Standard motors run around 1,750 or 1,800 RPM depending on the manufacturer. Let’s use 1,800. We’ll also use our 3.2 HP from before for a single phase (or DC) system. Horsepower through a system is constant, but torque can change based on mechanical advantage. Torque (ft lbs) is governed by this equation:
https://calculator.academy/hp-to-torque-calculator/
Torque = HP / RPM x 5,252
So plugging in our numbers, we get:
3.2 / 1800 x 5252 = 9.34 ft-lbs
This would be the torque of the motor shaft presumably. The actual torque provided would be part of the motor specs. We now know our motor RPM and our wheel RPM, so we can calculate the mechanical advantage.
1800 / 42.44 x 9.34 = 396.5 ft-lbs
Not that the “reducer” is 42.45:1 (1800 / 42.44). This is normally done through a set of v-belt pulleys but can also be done through a gear reducer.
The drive wheel is 18” diameter, so 9” radius. We convert the radius from inches to feet to get 0.75 ft. Now we can calculate the “force” being applied to the wood.
396.5 ft-lbs / 0.75 ft = 529 lbs.
Is 529 lbs a lot of force to pull a blade through wood? I would think it’s quite light. Keeping that blade razor sharp might go a long way! Remember, this was only 3.2 HP! Since nothing has a squared function anywhere, if you double the HP of the motor, you double the force on the wood.
It’s also obvious that a thinner blade would be much more efficient than a thicker one. The less width of wood fibers the saw had to cut, the more efficient.
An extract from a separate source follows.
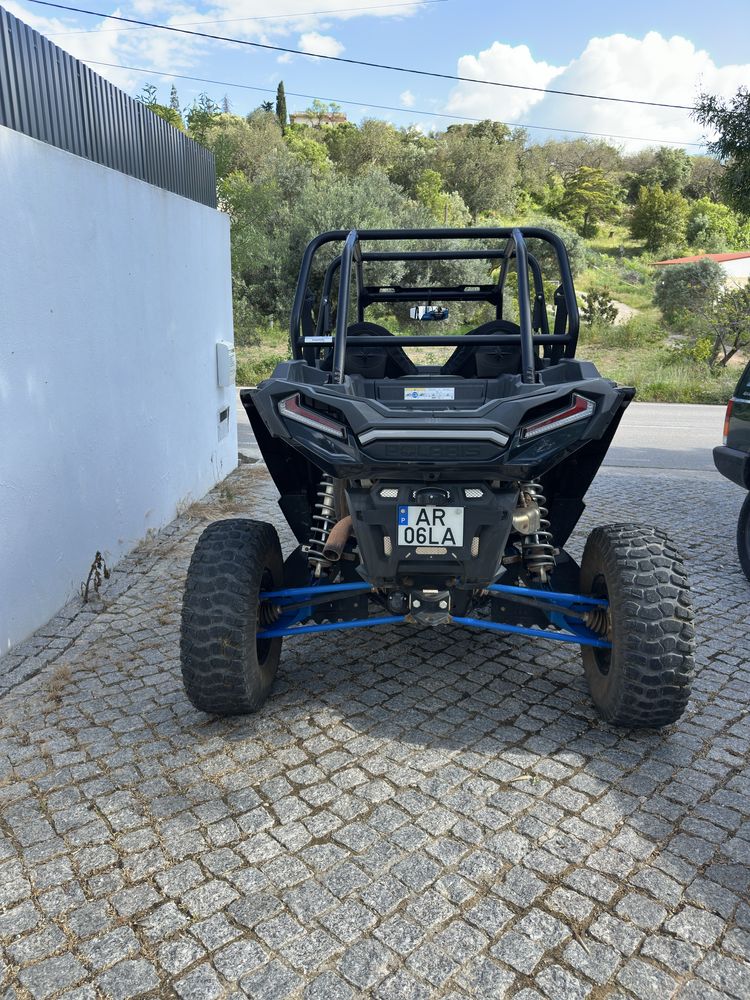 Polaris RZR 1000 XP4 de 06/2022 como novo!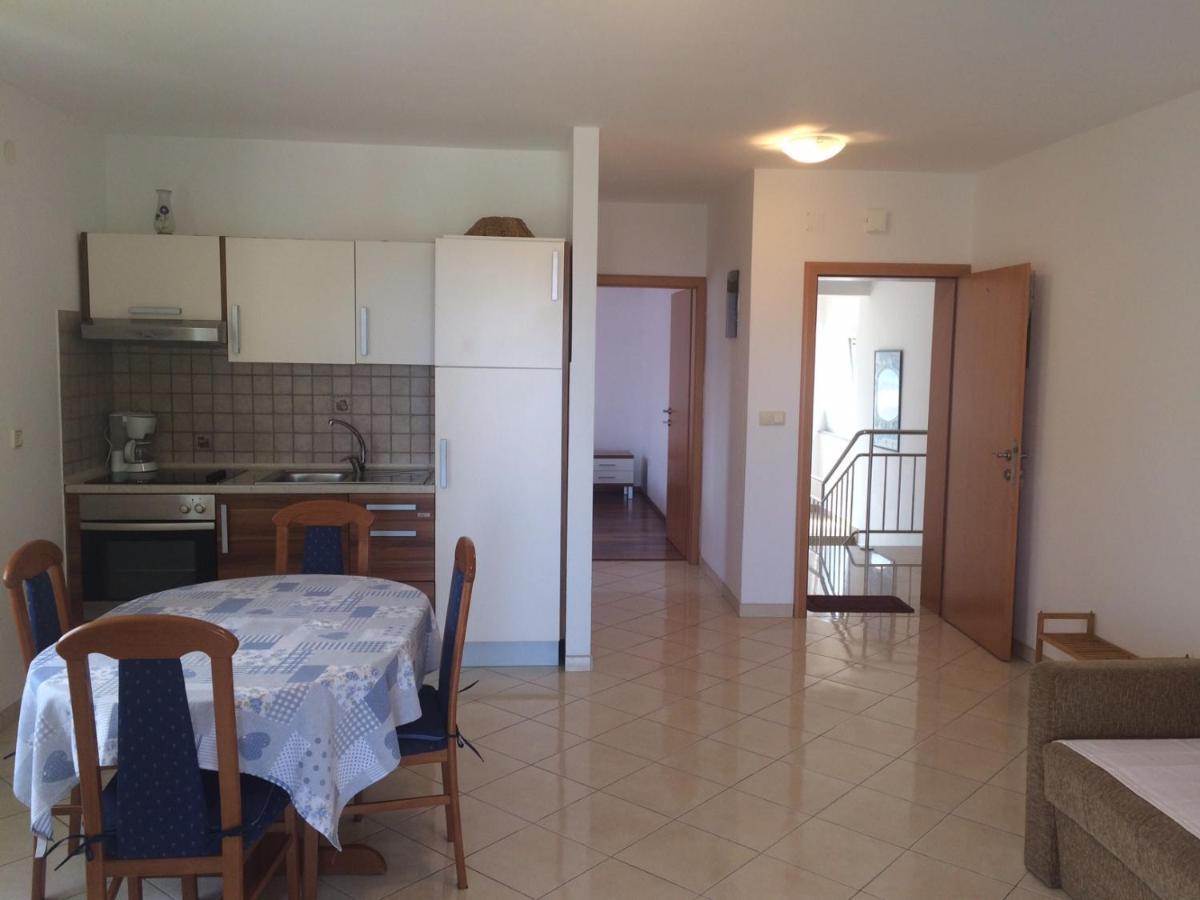 Apartments Malinska - Apartment 4 Extérieur photo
But your original post was about converting solar power to 3-phase power and using that run a mill.
If you insist on using 3 phase AC, just know that about 40% of the energy consumed goes into powering up the windings. This is why many folks use VFDs (Variable Frequency Drives). A VFD cuts way back on the energy consumed by spinning the motor at only the speed needed to do the job, whatevery it might be. A great, great video explaining how a VFD works can be seen here:
https://www.youtube.com/watch?v=yEPe7RDtkgo
IF you have adequate time and IF you’re not milling anything overly large, I would suggest something different.
DC motors are unique creatures. They can run on practically any voltage from nameplate +10% down to zero. Their speed and torque will vary as the volts and amps vary. You can get DC brushed, permanent magnet motors from Worldwide.
https://worldwideelectric.com/product/wpmdc2-18-180v-145tcb/
This is a 180 vdc motor spec’d at 9.8 amps. It’s not going to light the world on fire, but you can run this directly off of solar panels with nothing in between except a disconnect switch. Some call this “daylight drive.” If you have 30v panels at 8 amps each, wire 6 of them in series and you’ll generate 180 vdc @ 8 amps in full sun. If you wire a second set of six and wire the two groups in parallel, you’ll generate 180 vdc @ 16 amps.
If you have 40v panels, wire four or five in series and you’ll get 160 or 200 vdc respectively. This works for basically any brushed motor. I’ve done it for corded power tools.
https://www.facebook.com/1463805713/videos/3120196448244247/
To learn more about daylight drive, check out the videos from Living Energy Farm.
https://www.youtube.com/@livingenergyfarm1912/videos
I hope this helps at least somewhat.